On the way home, I stopped at the Hannaford for a few provisions. I also got a large bottle of cheap Dreambird Pinot Grigio and 750mL of McClelland's Islay Single Malt Scotch from JK's Liquor Store. Given my fragile health and the ongoing coronavirus scare, I'm being even more careful than usual not to touch surfaces like door pushes with my hands.
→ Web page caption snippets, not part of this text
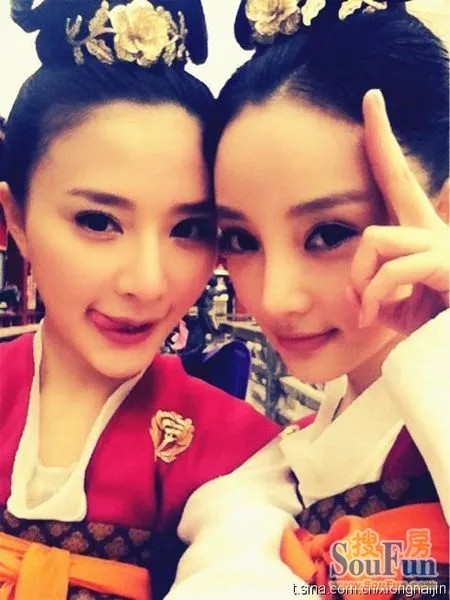 假脸姐妹团杨幂为首横空出世 李小璐秦岚霍思燕爱面部修补郑爽袁珊珊紧追其后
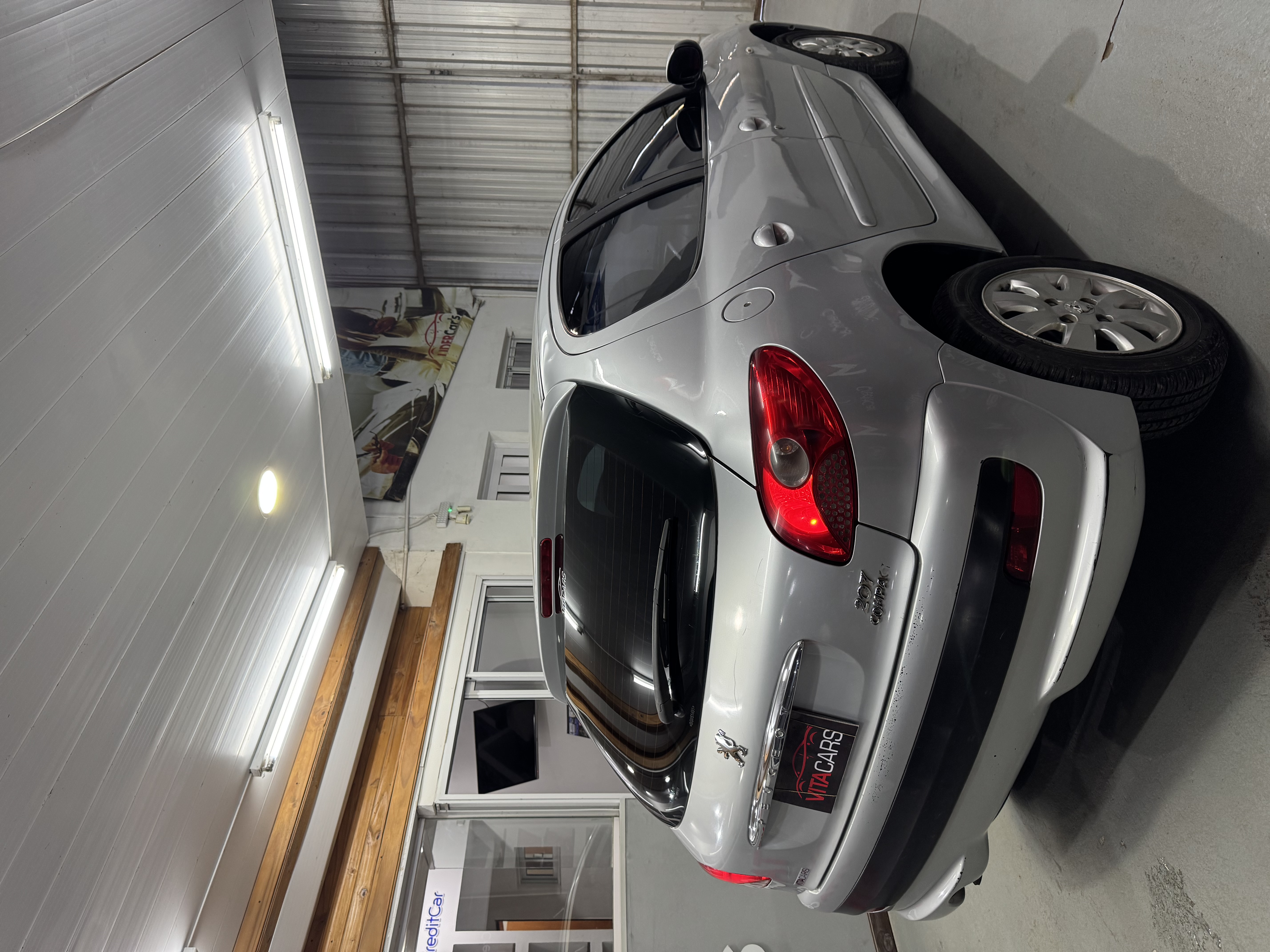 Peugeot 207 — foto 4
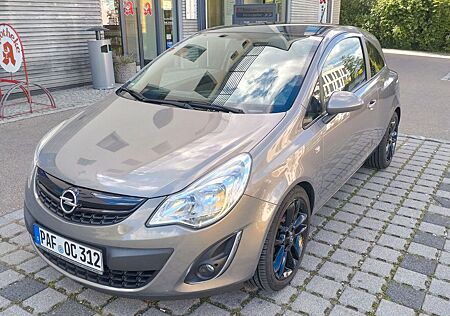 Opel Corsa 1.4 Color Edition Color Edition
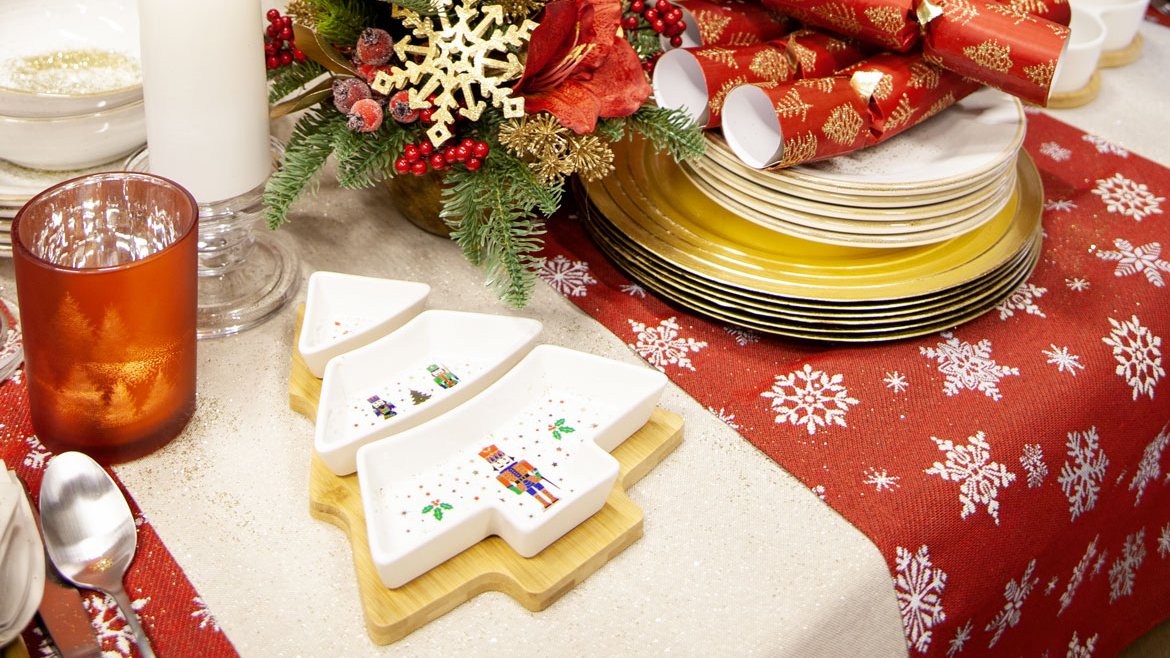 Vaisselle de Noël, bien la choisir - Plat en forme de sapin et crackers de Noël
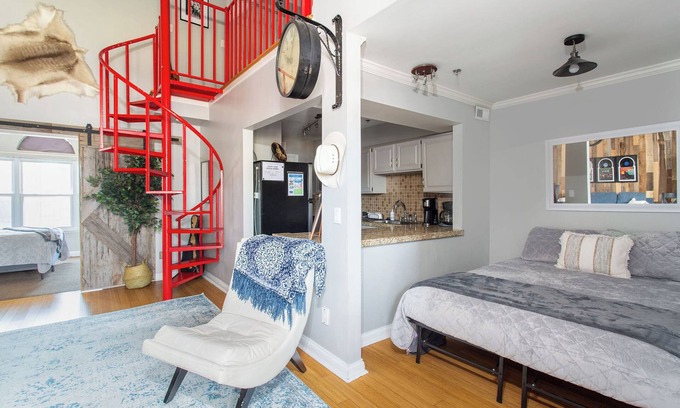 Rolling Mill Hill Condo | Attached Units! Park Free Walk 2 Broadway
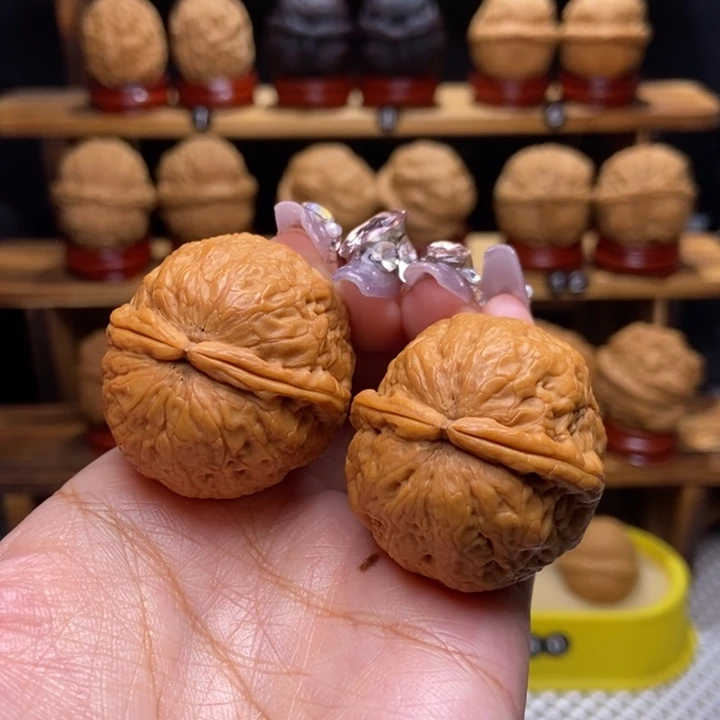 文玩核桃吊坠蛇皮球40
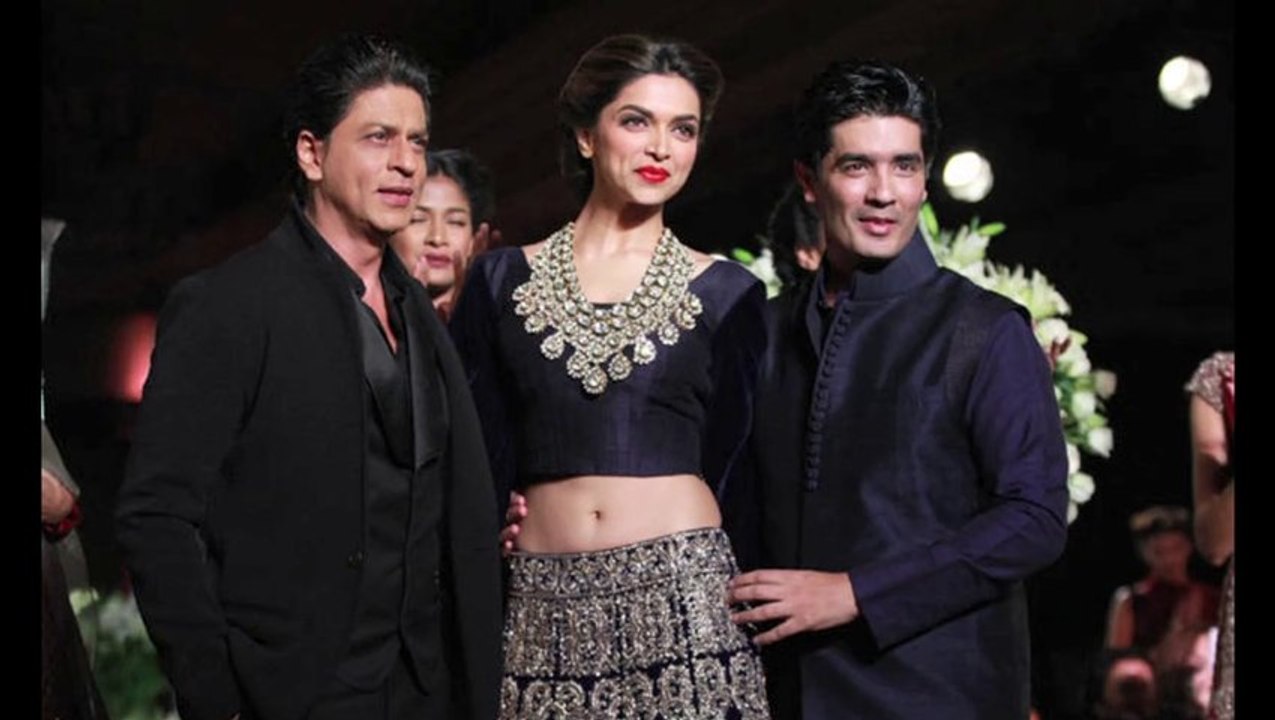Shahrukh Khan Deepika Padukone Scorch The Ramp - PCJ Delhi Couture Week 2013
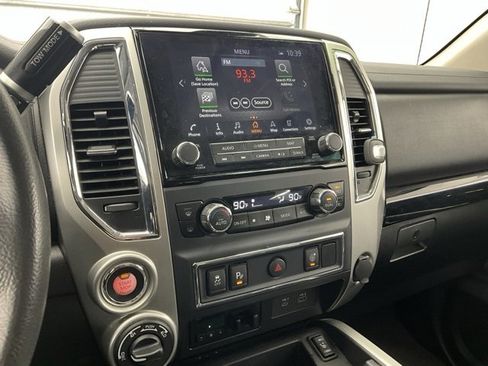 Used 2021 Nissan Titan SV w/ SV Convenience Package image 9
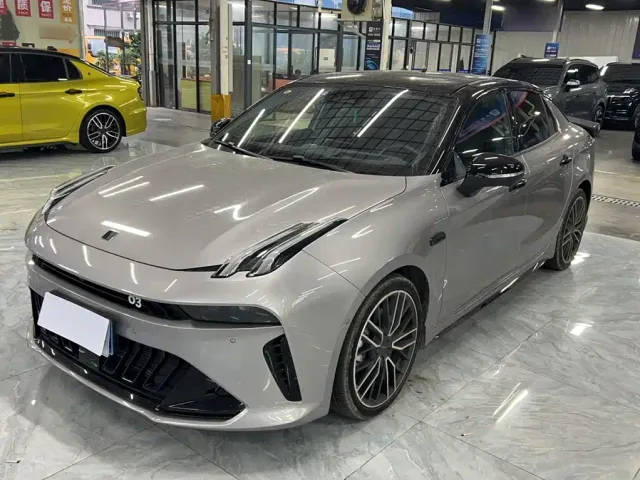 Фотография автомобиля — Lynk & Co 03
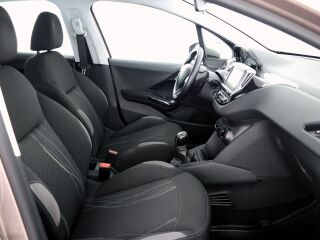 Peugeot 208 Elegance 1.2 60kW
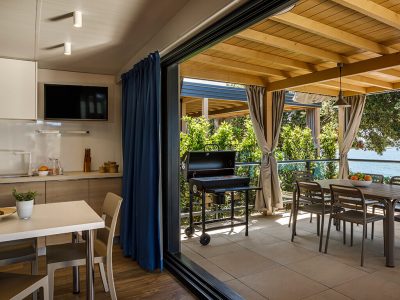 istra-premium-camping-resort-marbello-premium-camping-suite-home-interior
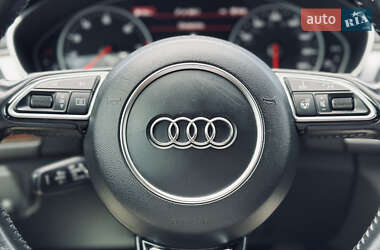 Седан Audi A6 2015 в 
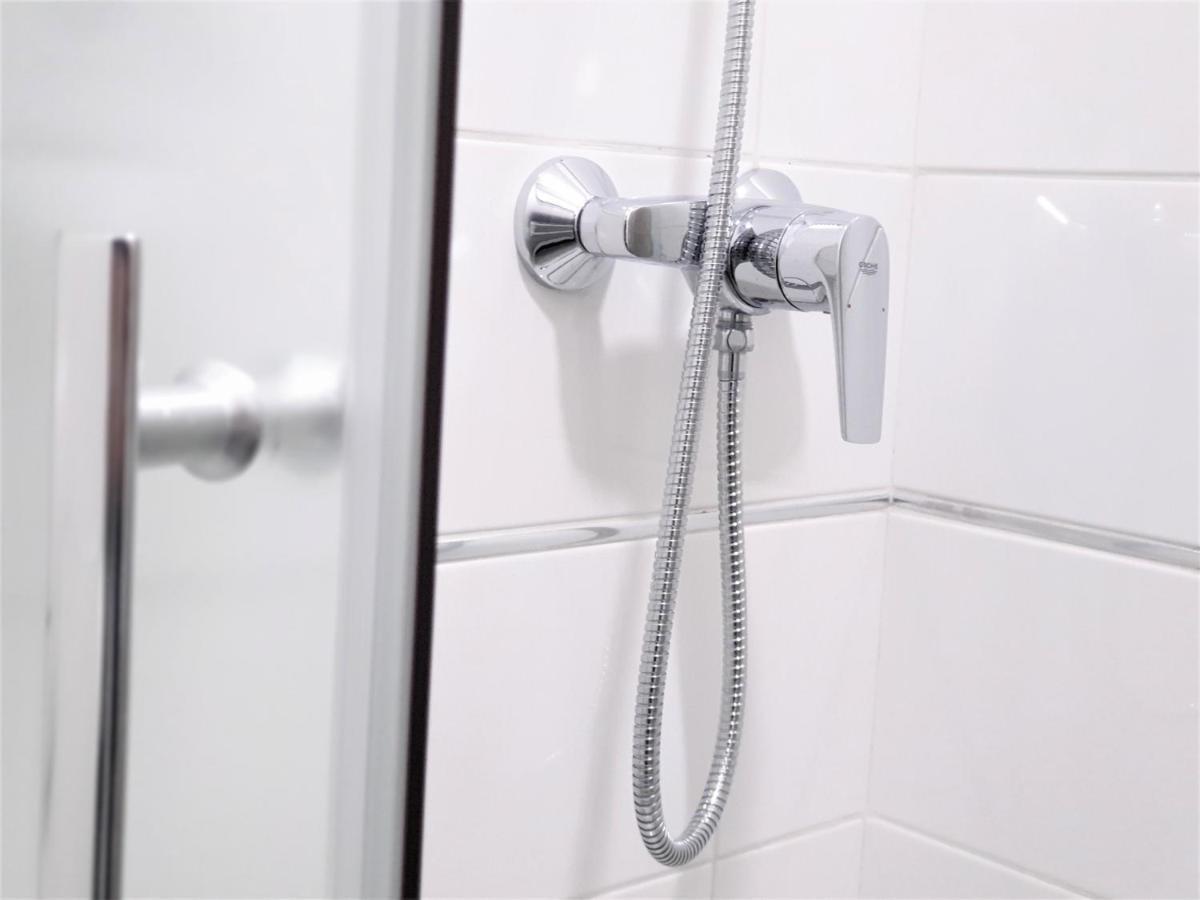 Smart Hostel Slavonski Brod Buitenkant foto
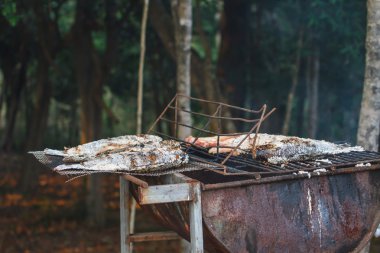 Framfire üzerinde ızgara balık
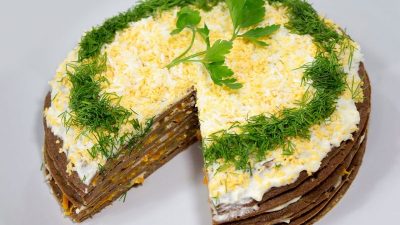 Торт из куриной печени с начинкой из моркови с зеленью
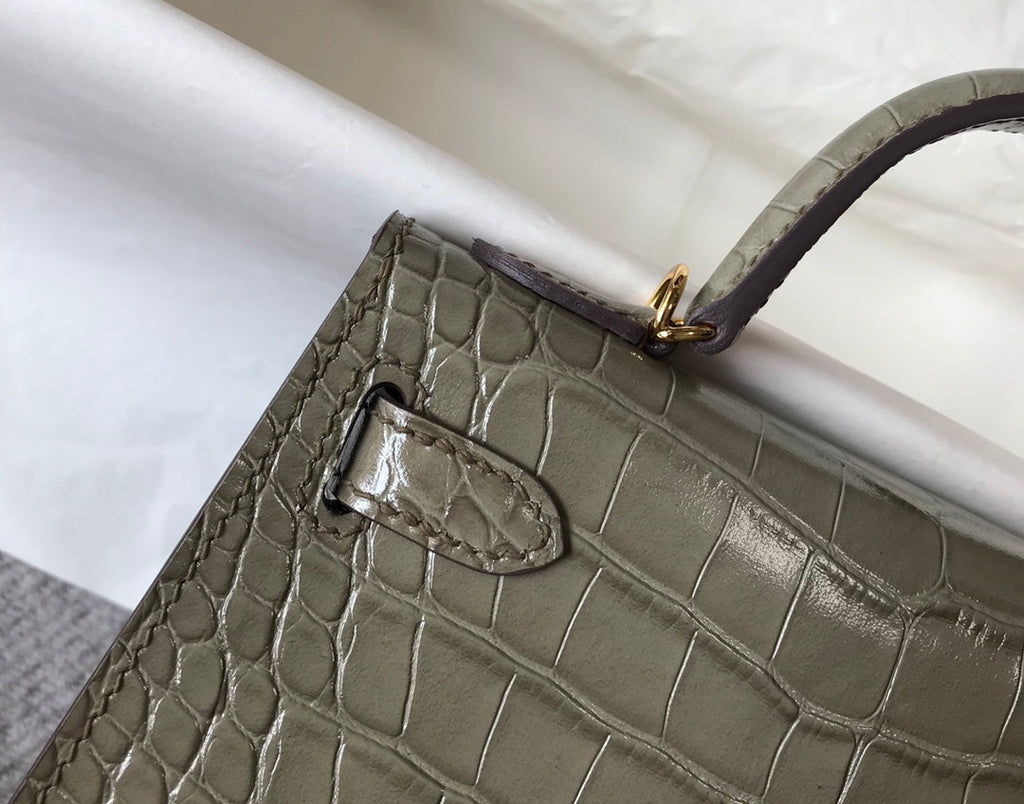 Hermes Kelly Mini II Bag 19 Gray Crocodile Leather with Gold Hardware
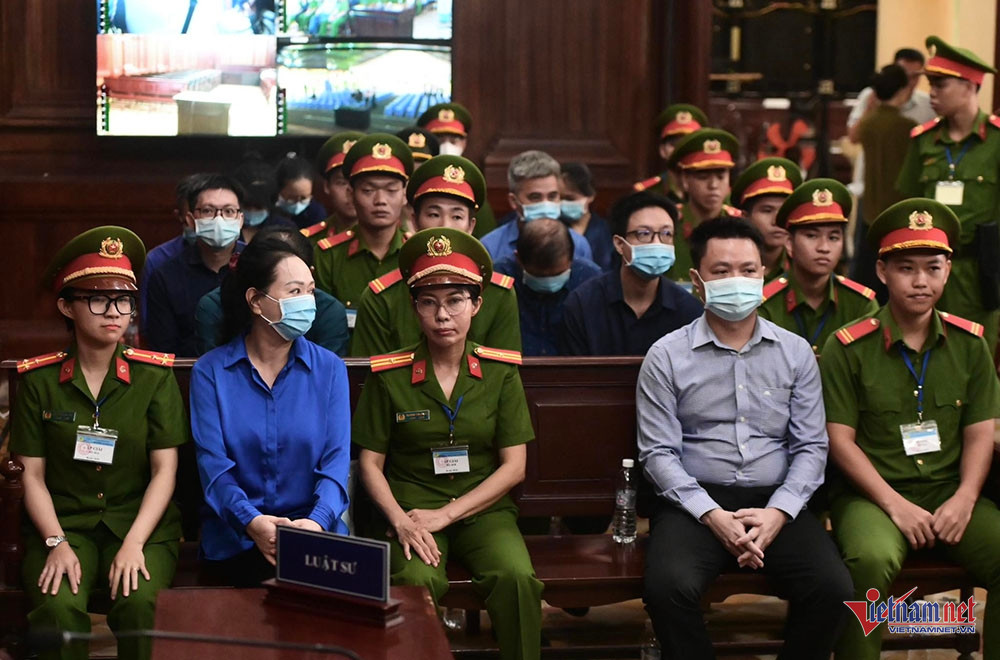 Các bị cáo tại tòa. Ảnh: Nguyễn Huế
This afternoon, a woman named Christine, the 30-something daughter of my oldest first cousin, started chatting with me on Facebook, and her relentlessness started reminding me of Sara Poiron from four or five years ago. It was hard to do anything else what with all the messages popping it up. But Christine is a good friend to cultivate, because soon she will be visiting my mother at my childhood home south of Staunton, Virginia and staying in "the guest house" (the trailer across the street). I want her to report back on the state of things there and send me lots of photographs. As we chatted, there kept being recurring themes of DeMar traits: Aspergery behavior, cheapskatedness, a tendency to hoard, and "cheekbones you can chop wood with." At some point I also mentioned "poking someone in the eye" with a DeMar cheekbone. Christine doesn't actually have pronounced cheekbones, but her mother (my cousin) Carol does. Carol looks a lot like a younger version of my mother, and apparently has all her cheapskate tendencies. Worryingly, she supposedly "looks up" to my mother as some sort of example. Amusingly, Carol had told Christine that I am "the one normal person" in the entire family. "I'm the weirdest person any of my friends know," I protested.
Later Gretchen and I had a Facebook voice chat. Initially it didn't go very well as I failed to show sufficient enthusiasm for such stories as the solid reading she had given in Santa Cruz. But, like a vacuum tube, I eventually warmed up and things got more fun. I'd also eaten a lump of 2019-vintage marijuana, and its effects were noticeably more pleasant than 2017-vintage marijuana had been, and those effects were kicking in.
Perhaps surprisingly, Gretchen was taking Joe Biden's success in the Super Tuesday primaries in stride, seemingly confident that she could be happy with a Joe Biden presidency. (For my part, I was actually a bit relieved that Bernie Sanders had done so badly; I'd thought he might be a bit too much of a one-note lefty to successfully prosecute a campaign against Donald J. Trump; in recent days my only hope for Trump's defeat had been in what the coronavirus outbreak was likely to expose about the shambles that is Trump's administration.)
Gretchen had started out in Santa Cruz, but a day or so ago she'd flown to Austin, Texas, where she'd been absorbing their much-cultivated weirdness. Given all the weirdness and whimsy, she was liking it much the way we like Portland, Oregon. This is a good time to be in Austin; March means teeshirt weather, and subsequent months force people into indoor air-conditioned spaces. Speaking of small spaces where coronavirus can spread, like her flight to California, she found her flight from California to Texas decidedly under-filled. Now might be a particularly good time to fly; people are canceling flights due to coronavirus scares, and the airlines haven't yet had time to reduce the number of flights.
A burl on a dead tree somewhere between the Farm Road and the Stick Trail.